Every line of the data below needs to be reproduced exactly.

-- Collected material --
****

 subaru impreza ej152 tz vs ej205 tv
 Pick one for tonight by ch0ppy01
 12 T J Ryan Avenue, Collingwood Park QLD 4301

****

-- Solution --
 subaru impreza ej152 tz vs ej205 tv
 Pick one for tonight by ch0ppy01
 12 T J Ryan Avenue, Collingwood Park QLD 4301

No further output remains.